In the fall, the DOE will release the first round of more-comprehensive data, which could help researchers more clearly understand the nature of disparities in school.

“Beginning this year, we are going to have more data than ever before on discipline rates,” Ali said.

Called the Civil Rights Data Collection, the data is a two-part biennial survey. The first part was released June 30, but the discipline data won’t come until the second part is released in the fall.

The data come from roughly 7,000 school districts of all sizes and grade levels, including juvenile justice facilities. Much of it will be searchable online. And it will include data on violations such as harassment and bullying, as well as disciplinary actions such as restraint and seclusion.

DOE will break down the data by race, disability and other factors to see what patterns emerge. One pattern, however, is already clear.

“We are seeing a dramatic increase in the number of complaints the Office of Civil Rights has seen generally,” Ali said. She said there were 9 percent more complaints in fiscal year 2010 than in 2009, and she expects her office may see 3 percent more this fiscal year.

“Now, allegations are not violations,” Ali cautioned.

More data is needed to clarify the picture of classrooms and principals’ offices, but Freeman and other civil rights advocates agree with Ali that racial disparities are well-documented.

“Racial disparities can’t be explained away by looking at differences in socio-economic status or disability status or any of that,” said Freeman. “Black students in particular are far more likely to be punished in the first place and to receive harsher punishment than their peers.”

Recent examples have highlighted the problem in Southern states.

In 2009, the American Civil Liberties Union investigated Mississippi’s alternative schools, which were created in the 1990s to help more troubled teens graduate from school. The ACLU found that some school districts referred black students to the schools at a much higher rate or for more-vague violations.

The ACLU criticized the alternative school system for failing to be transparent and accountable.

“Obtaining reliable information about student populations, programming, or outcomes is nearly impossible,” according to the report.

In response, the Mississippi Legislature that year passed a law requiring school districts to report data about the alternative schools, but the reports still aren’t available through the state education department’s online database, meaning the public can’t easily access the data.

But state officials say the data have been collected and are helping the department internally.

And last year, the Florida state advisory committee to the U.S. Commission on Civil Rights investigated Duval County Schools. The committee, in a September report, found that black students faced much more disciplinary consequences than their white peers.

Ed Pratt-Dannals, superintendent of Duval County, Fla. said the district had already been working to reduce violence in the school and broader community when the CCR review began, prompted by their own data collection.

“We’ve made significant improvements across the board with African-American students, whether or not you’re talking about a dramatic reduction in major conduct violations, suspensions, expulsions, just about everything,” Pratt-Dannals said.

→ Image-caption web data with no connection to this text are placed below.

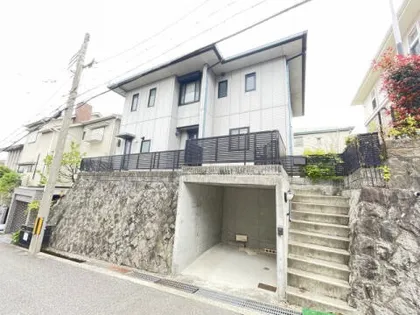 兵庫県宝塚市逆瀬台5丁目【一戸建】の外観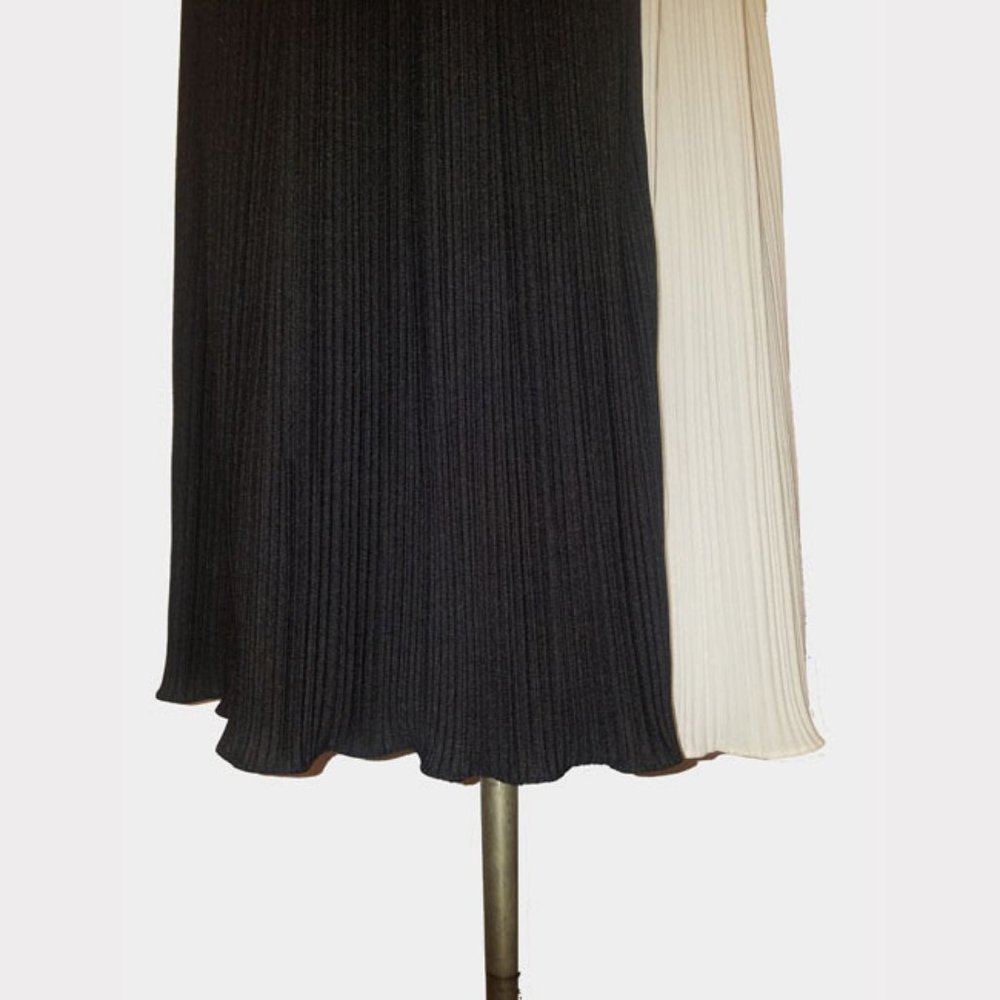 Vtg 70s Black & White Plisse Pleat Dress 16 ½ - Picture 5 of 8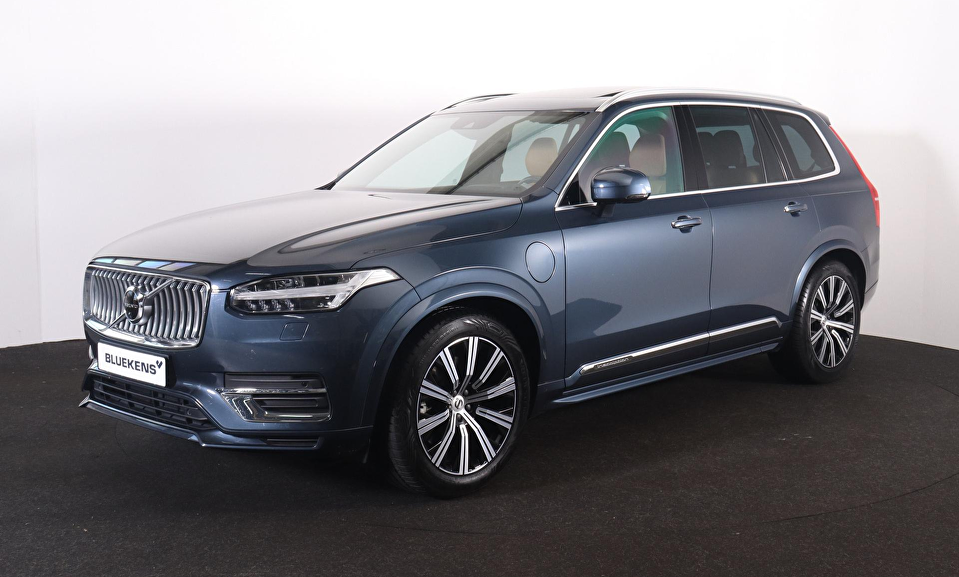 Volvo XC90 T8 Recharge AWD Inscription Intro Edition - Luchtvering - Panorama/schuifdak - IntelliSafe Assist & Surround - 360º Camera - Harman/Kardon audio - Adaptieve LED koplampen - Verwarmde voorstoelen, stuur & achterbank - Parkeersensoren voor & achter - Elektr. bedienb. voorstoelen met geheugen - Geventileerde voorstoelen - Head up display - 20' LMV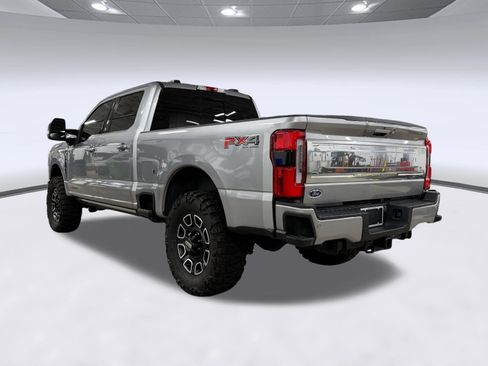 Used 2024 Ford F350 Platinum w/ FX4 Off-Road Package AWD/4WD image 3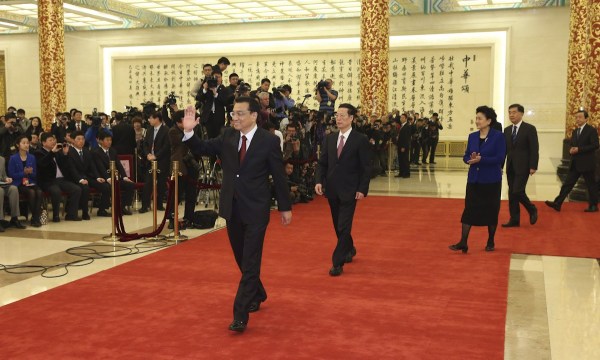 李克強(qiáng)約法三章:人民過好日子政府就要過緊日子 李克強(qiáng)約法三章:人民過好日子政府就要過緊日子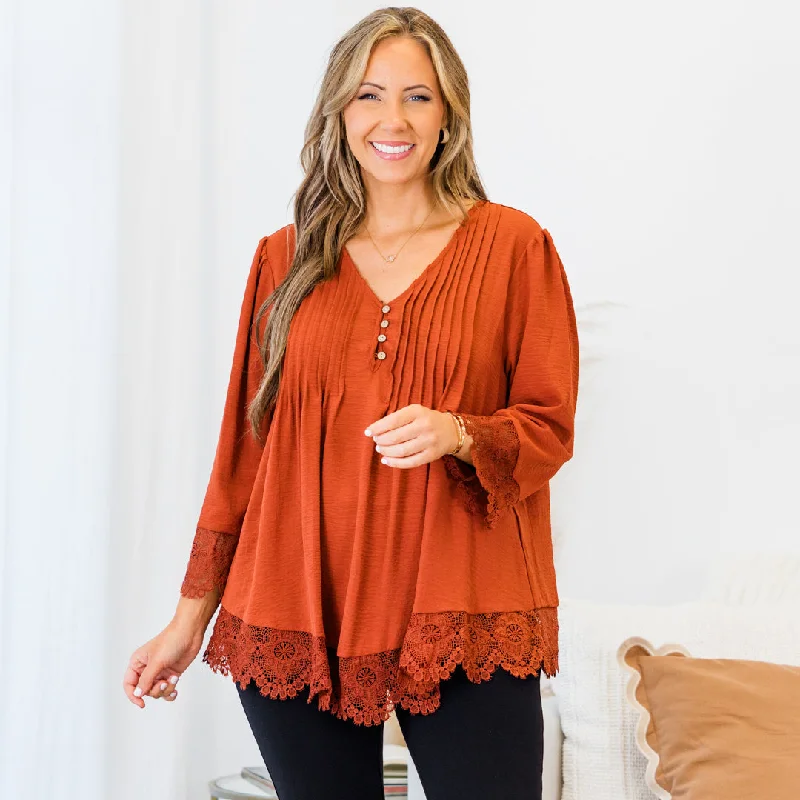 Deep Savings Desert Sunrise Top, Rust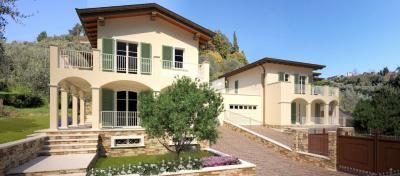 Villini bifamiliari di nuova progettazione con parco piscina e vista mare in vendita a Massarosa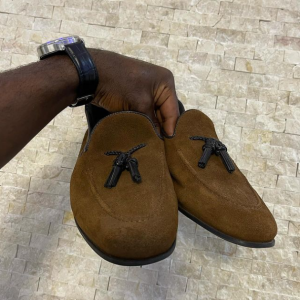 Sapato ZAR.A Tamanho: 43 Preço: 45.000 Taxa de entrega sob consulta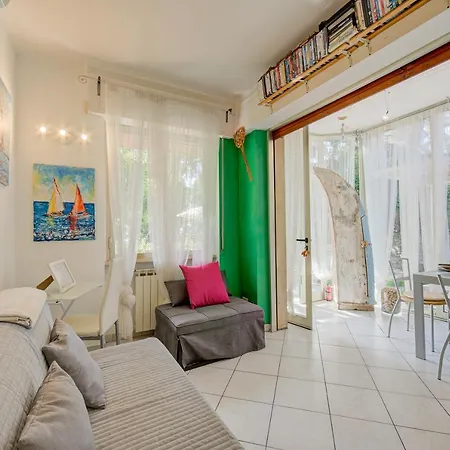 Toys With Garden And Sea View - Happy Appartement *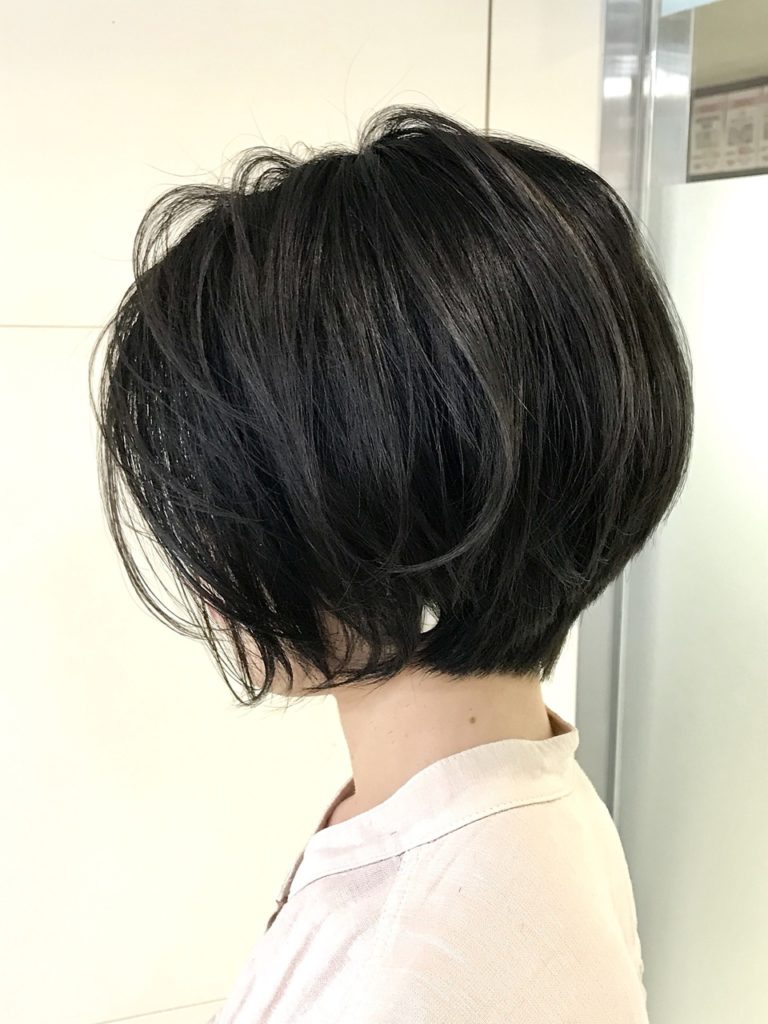 自然な黒髪の女性の写真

He said positive changes came from “a community-wide effort” by the state attorney’s office, city recreation and other officials.

But the CCR report found that although the school system had greatly improved the overall situation, the changes had done nothing to narrow the racial disparities. Black students were suspended 57 percent less between 2009 and 2010, and suspension of white students went down 60 percent over the same period.

One thing the Duval County schools and the federal government do agree on is the importance of data, without which, Pratt-Dannals said, the improvements in disciplinary rates would have never happened. He said that the county has long been not only collecting the data, but breakin g it down by race.

“We’ve been disaggregating data for a decade, and it became a concern within our community,” he said.